### Dataset section ###

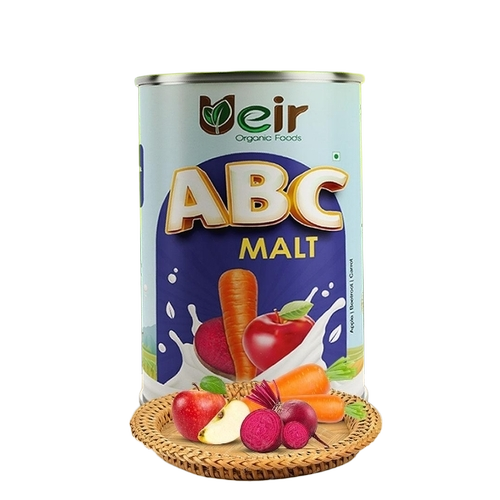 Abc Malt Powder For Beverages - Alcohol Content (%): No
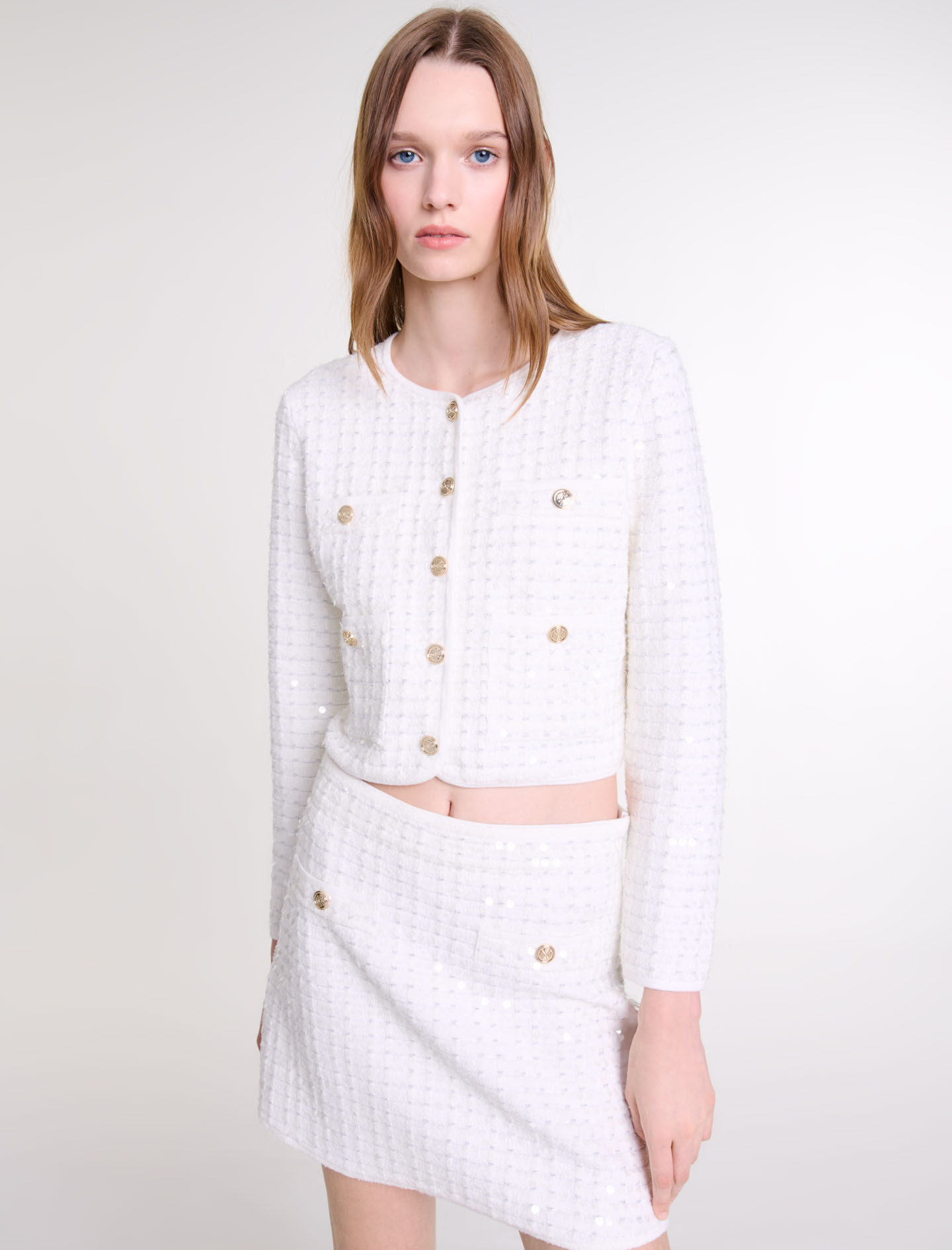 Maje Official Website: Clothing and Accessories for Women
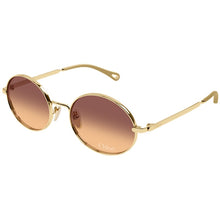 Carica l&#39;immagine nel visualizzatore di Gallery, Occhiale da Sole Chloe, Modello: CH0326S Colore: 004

###

Restate word for word each line from the one containing "Maje Official Website: Clothing" through the end of the material, pictures excluded.

 Maje Official Website: Clothing and Accessories for Women
 Carica l&#39;immagine nel visualizzatore di Gallery, Occhiale da Sole Chloe, Modello: CH0326S Colore: 004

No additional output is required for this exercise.